A quelques pas de l’église où Desmond Tutu organisait l’évasion des militants anti-Appartheid les plus recherchés de Soweto, répète le groupe BCUC. Un groupe au verbe haut, qui prend un tout autre écho dans ce container reconverti en restaurant communautaire
Pas de doute, le bouillonnant township n’a rien perdu de son énergie créatrice et révolutionnaire avec l’avènement il y a vingt ans d’une « Rainbow Nation » aux couleurs toujours ternes, et, Bantu Continua Uhuru Consciousness vit comme ses aînés sa musique comme une arme de libération politique et spirituelle tout autant qu’une transe hédoniste.
Héritiers de Philip « Malombo » Tabane ou Batsumi, ils cherchent à donner une expression contemporaine aux traditions ancestrales des peuples autochtones : les influences hip-hop et une énergie punk-rock ont remplacé le jazz si présent dans les productions des années 1970 et 1980. Tout a commencé voici une douzaine d’années dans un atelier d’un centre communautaire. Depuis la formation du groupe a peu changé, mais l’expression s’est profondément raffinée. Si le chant et les percussions ont toujours été au coeur de leur musique, ils ont pu par le passé s’essayer aux pistes « électroniques » et même s’adjoindre pendant de nombreuses années une guitare rock entre folk et free-jazz. Néanmoins, BCUC a trouvé sa formule magique en 2013 en ajoutant aux seules peaux et voix une furieuse basse électrique.
Telle est l’alchimie de l’« Africangungungu », le nom qu’ils ont donné à leur musique aux accents « afropsychédéliques ». Sur scène comme sur ce premier album commercialisé de leur carrière, leurs morceaux refusent tout formatage. Leurs « incantations » en zulu, sotho ou anglais et leurs modulations funky s’étendent sur une vingtaine de minutes, un tourbillon sonique qui n’est pas sans évoquer l’afro-beat de Fela.

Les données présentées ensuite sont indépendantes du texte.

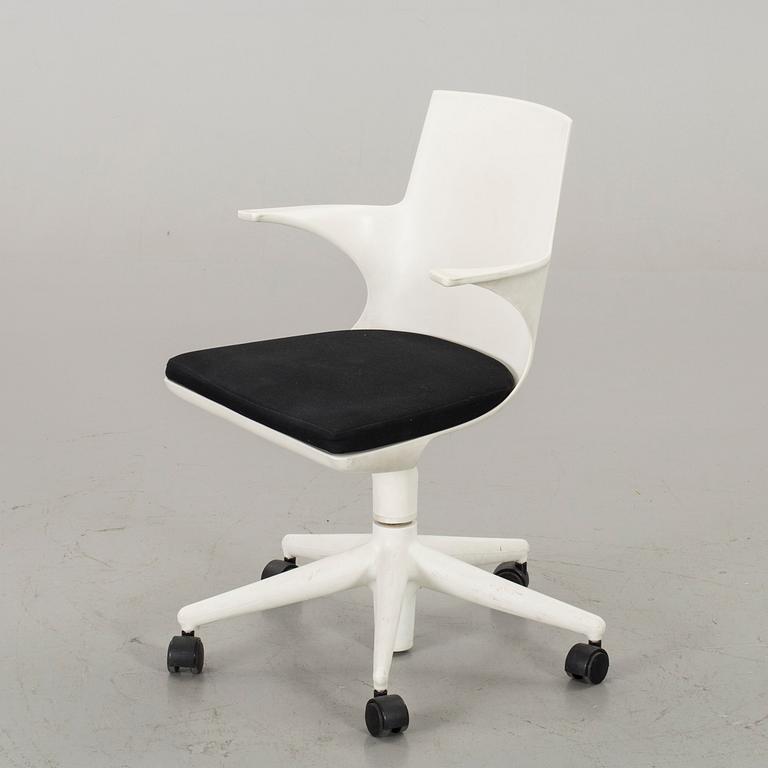 STOL, "Spoon chair", Design Antonio Citterio Kartell, 1990/2000-tal,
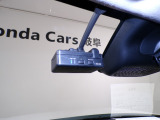 今や必需品となったドライブレコーダーも装着されています。運転中の記録を録画してくれます、万が一の時にドライブレコーダーがあれば安心です!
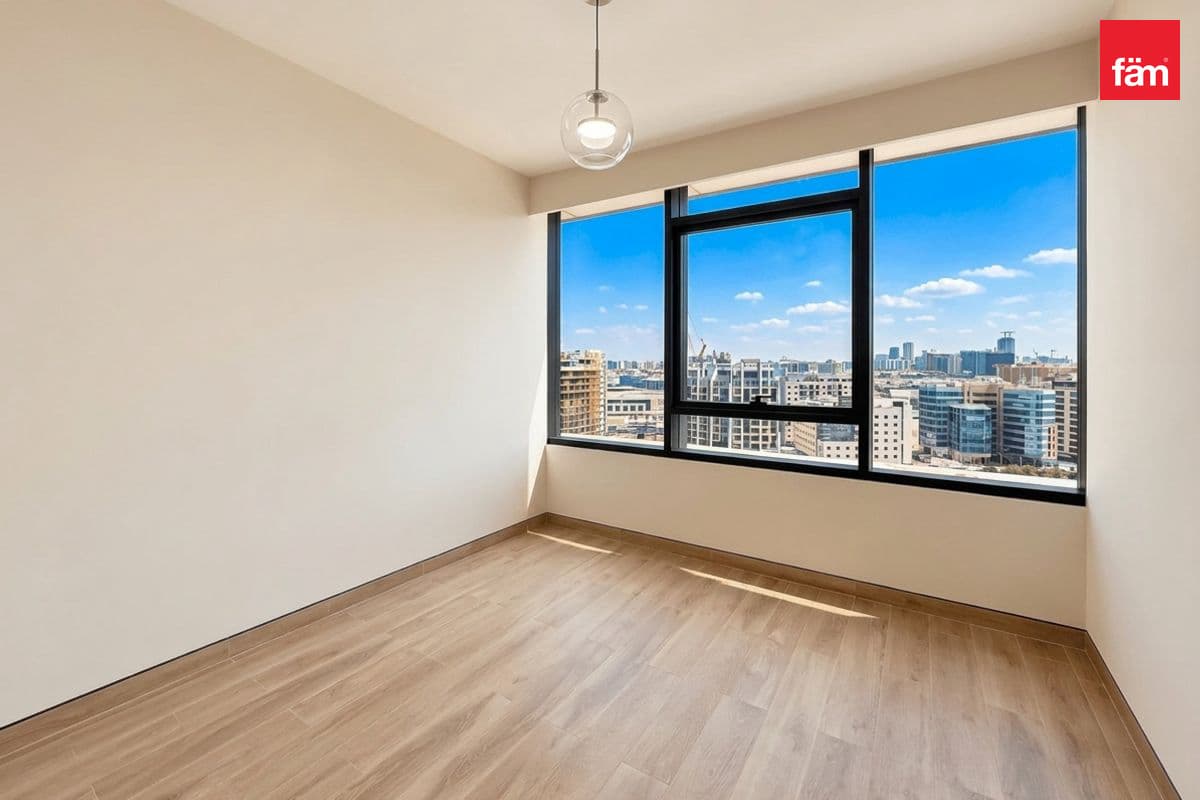 Brand New Living With Unobstructed Green Views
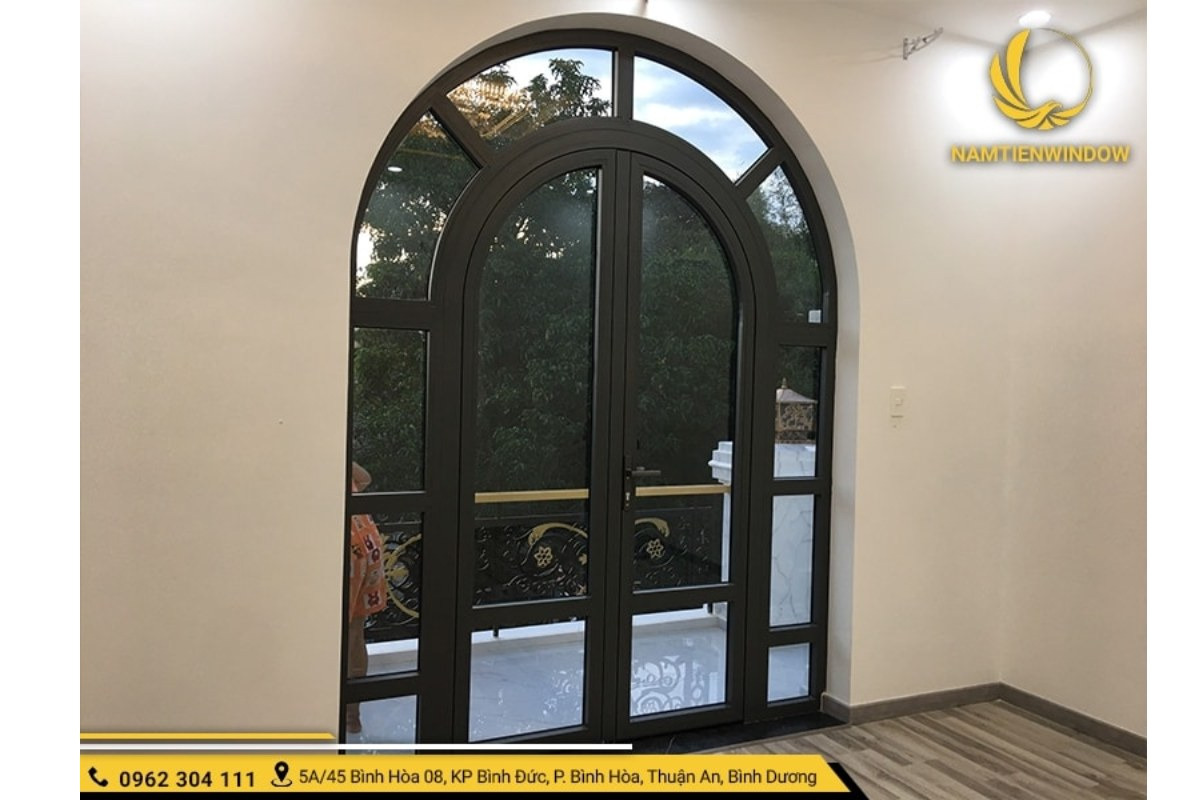 Cửa nhôm xingfa uốn vòm với thiết kế đẹp mắt phù hợp cho các công trình cổ điển, tân cổ điển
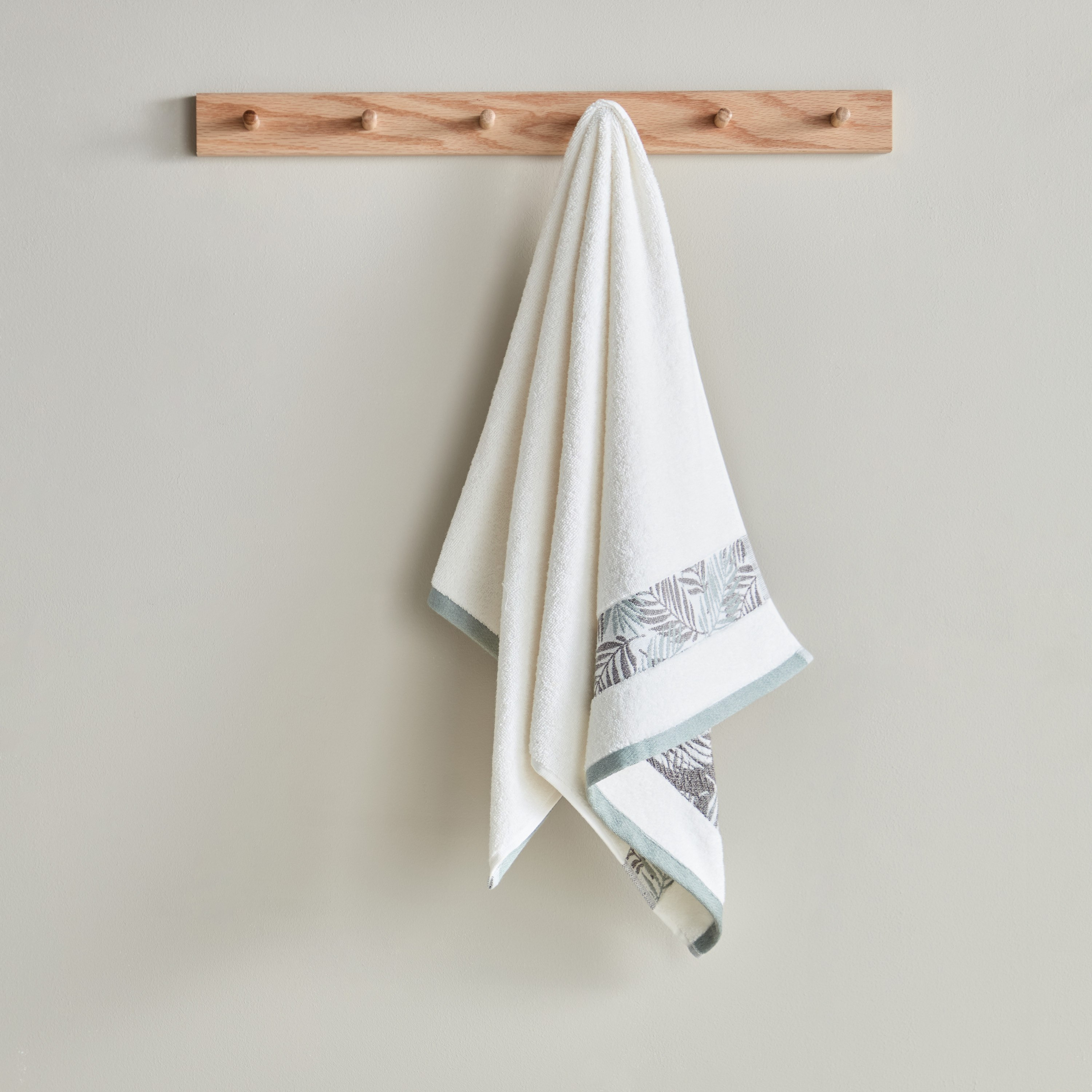 منشفة يد من القطن التركي بحواف جاكار من أوبيولنس فلورا - 50x90 سم-hbxbathroom-bathroomtextiles-image-1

Les rythmes Nguni se mêlent aux rythmes du peuple Tsonga, les sifflets des mineurs Bhaca et Shona rencontrent la corne traditionnelle Imbomu tandis que des chants de guerre ancestraux et les choeurs du Ngoma busuku (chants de nuit) se mêlent à la voix soul de la chanteuse Kgomotso et aux rap furieux de Jovi et Luja. ‘Yinde’ qui ouvre ‘Our Truth’ signifie la route, comme un symbole du chemin encore à parcourir vers une société sud-africaine plus juste. Dans le même sens, ‘Asazani’ (nous ne nous connaissons pas les uns les autres) plaide pour un rapprochement de toutes les composantes de la « nation arc-en ciel ». La volonté de BCUC d’affronter sans filtre les questions identitaires et sociales a déjà entraîné l‘interdiction de diffusion d’un de leurs morceaux de leur unique EP auto-produit qui mettait en cause une idole nationale… Mais ni cet évènement, ni les critiques auxquelles leur refus d’appartenir à un quelconque mouvement les expose ne les fera dévier de leur ligne de conduite : « Music for the people by the people with the people », un peuple qu’ils refusent d’enfermer dans une communauté, de délimiter à une couleur de peau.